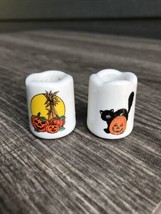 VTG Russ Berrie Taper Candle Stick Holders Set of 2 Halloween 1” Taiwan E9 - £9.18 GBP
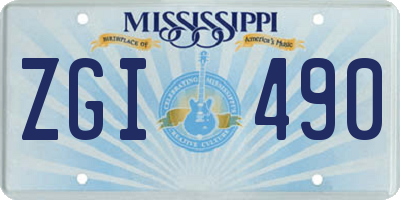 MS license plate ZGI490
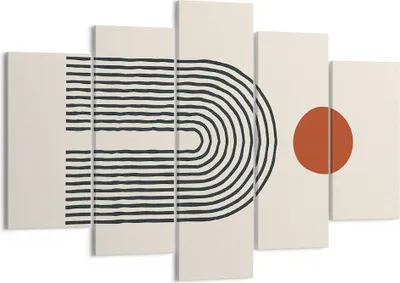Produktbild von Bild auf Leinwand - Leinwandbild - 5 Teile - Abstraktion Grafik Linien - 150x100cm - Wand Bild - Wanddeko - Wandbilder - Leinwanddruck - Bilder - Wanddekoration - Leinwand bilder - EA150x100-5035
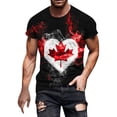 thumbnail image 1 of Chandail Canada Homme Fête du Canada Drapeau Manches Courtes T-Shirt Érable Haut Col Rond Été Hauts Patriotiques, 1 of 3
++++++++++
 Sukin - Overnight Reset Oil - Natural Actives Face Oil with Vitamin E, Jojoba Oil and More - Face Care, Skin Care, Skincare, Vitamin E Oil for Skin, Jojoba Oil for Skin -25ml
++++++++++
## DESCRIPTION OF THE TASK
The lines to reproduce run from the one above containing "VTG Russ Berrie" through the one containing "Produktbild von Bild". Copy them exactly and leave out all pictures.

## OUTPUT
 VTG Russ Berrie Taper Candle Stick Holders Set of 2 Halloween 1” Taiwan E9 - £9.18 GBP
 MS license plate ZGI490
Produktbild von Bild auf Leinwand - Leinwandbild - 5 Teile - Abstraktion Grafik Linien - 150x100cm - Wand Bild - Wanddeko - Wandbilder - Leinwanddruck - Bilder - Wanddekoration - Leinwand bilder - EA150x100-5035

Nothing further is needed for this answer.